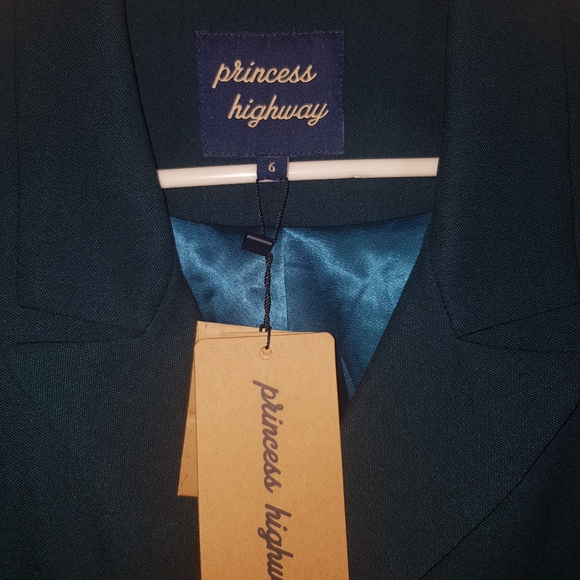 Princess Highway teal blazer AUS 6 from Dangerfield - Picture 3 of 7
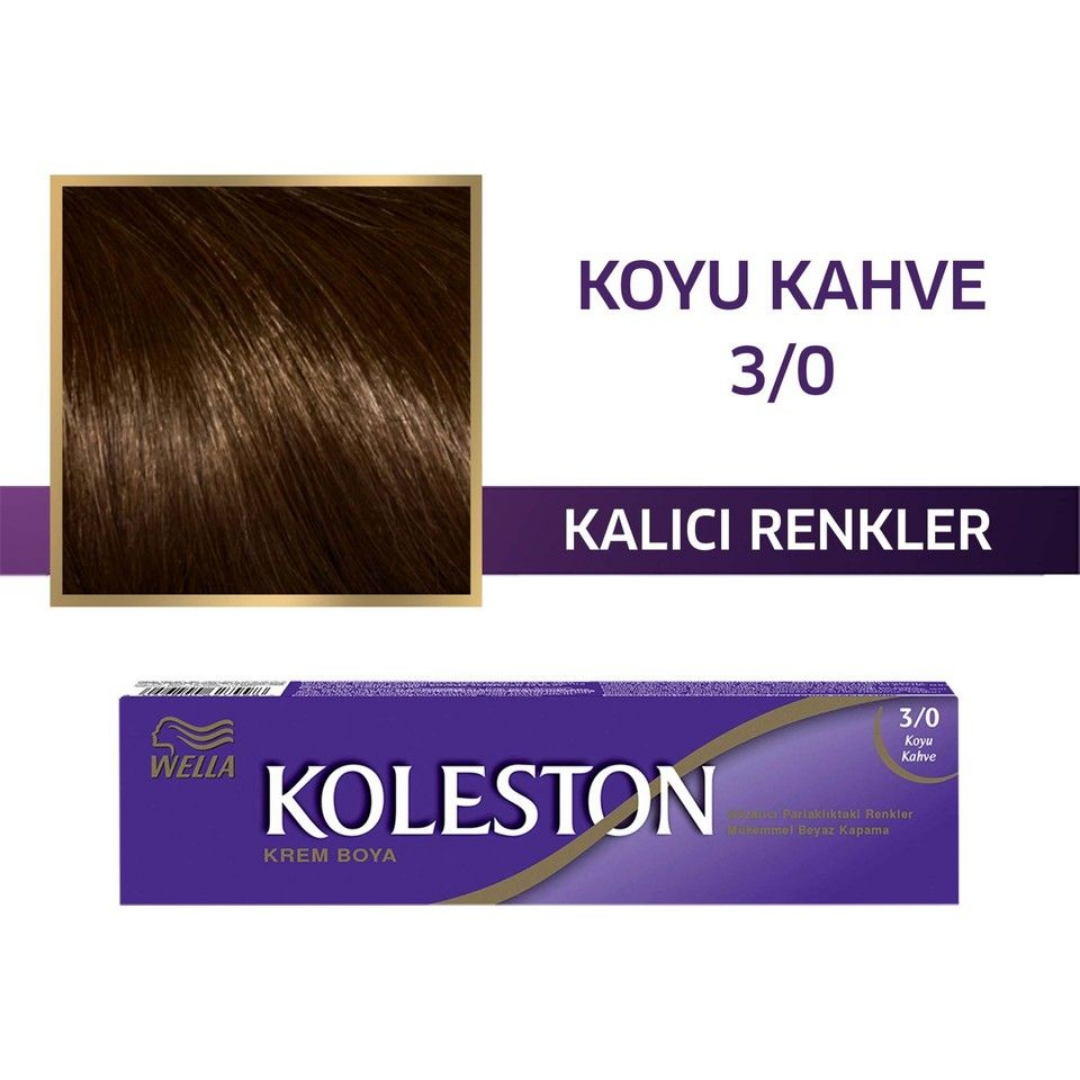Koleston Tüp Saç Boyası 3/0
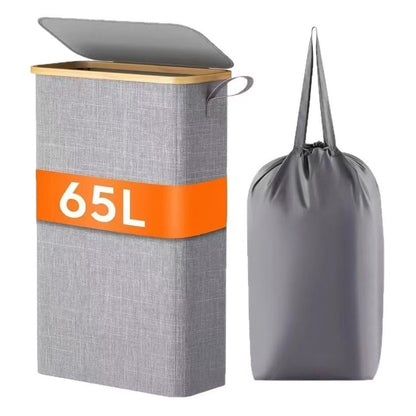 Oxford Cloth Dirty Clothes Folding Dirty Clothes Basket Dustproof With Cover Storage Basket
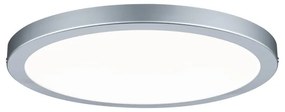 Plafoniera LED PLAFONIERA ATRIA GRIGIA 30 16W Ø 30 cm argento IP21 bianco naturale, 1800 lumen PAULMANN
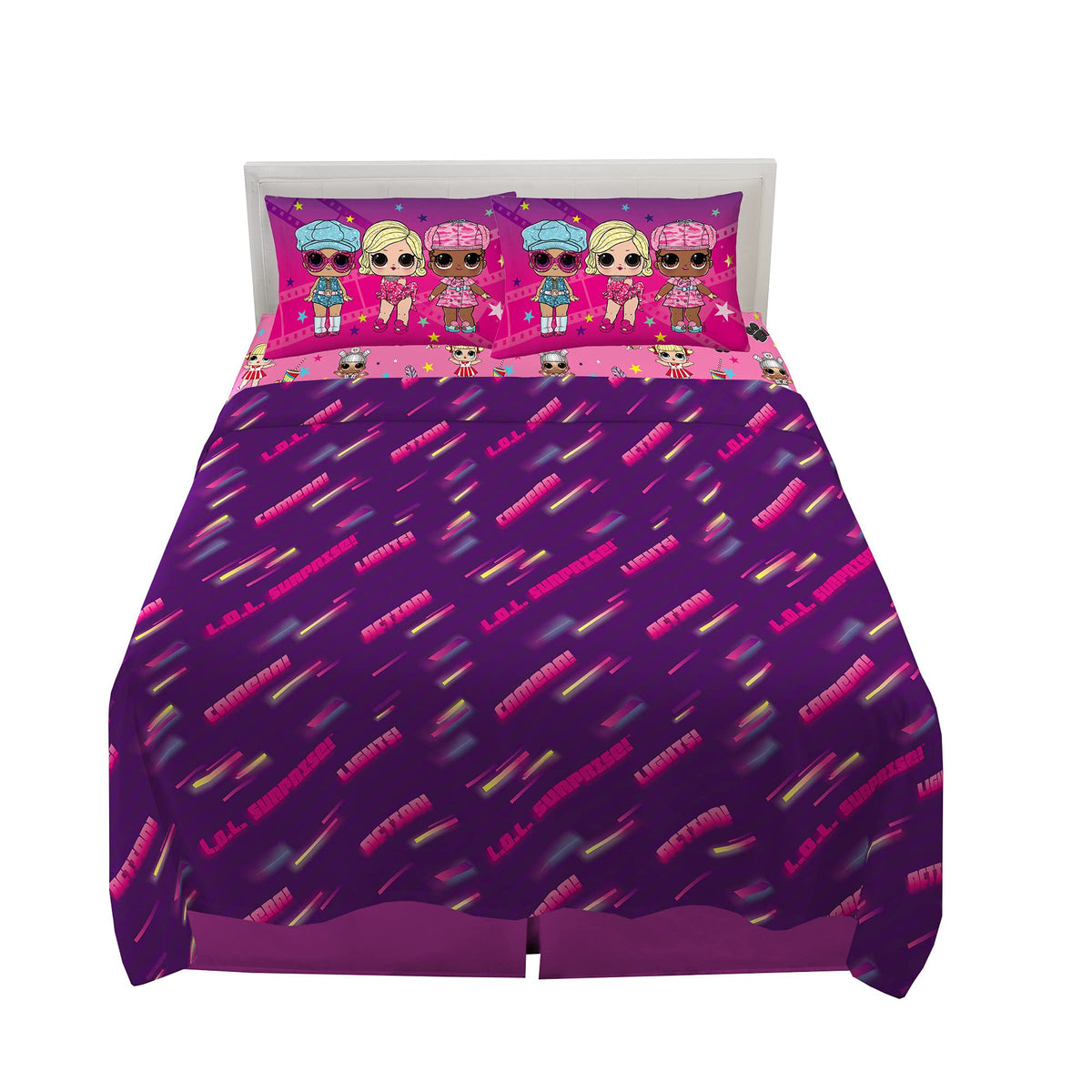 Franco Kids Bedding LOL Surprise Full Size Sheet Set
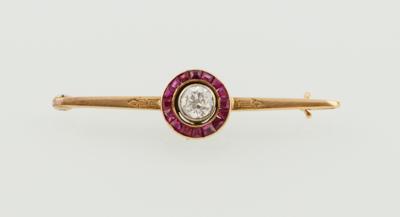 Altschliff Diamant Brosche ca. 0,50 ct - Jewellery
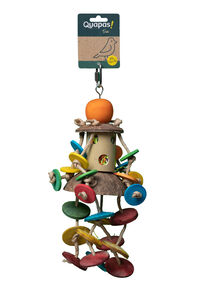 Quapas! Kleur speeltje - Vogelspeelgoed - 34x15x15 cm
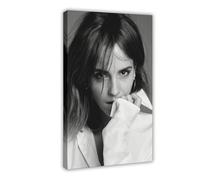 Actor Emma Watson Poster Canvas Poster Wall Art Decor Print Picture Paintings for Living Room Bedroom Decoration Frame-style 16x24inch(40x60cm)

• **Work request**:
Starting at the line that contains "Franco Kids Bedding", return every line through the end of the records above exactly as written, and return no pictures.

• **Answer to this task**:
 Franco Kids Bedding LOL Surprise Full Size Sheet Set
 Altschliff Diamant Brosche ca. 0,50 ct - Jewellery
 Quapas! Kleur speeltje - Vogelspeelgoed - 34x15x15 cm
 Actor Emma Watson Poster Canvas Poster Wall Art Decor Print Picture Paintings for Living Room Bedroom Decoration Frame-style 16x24inch(40x60cm)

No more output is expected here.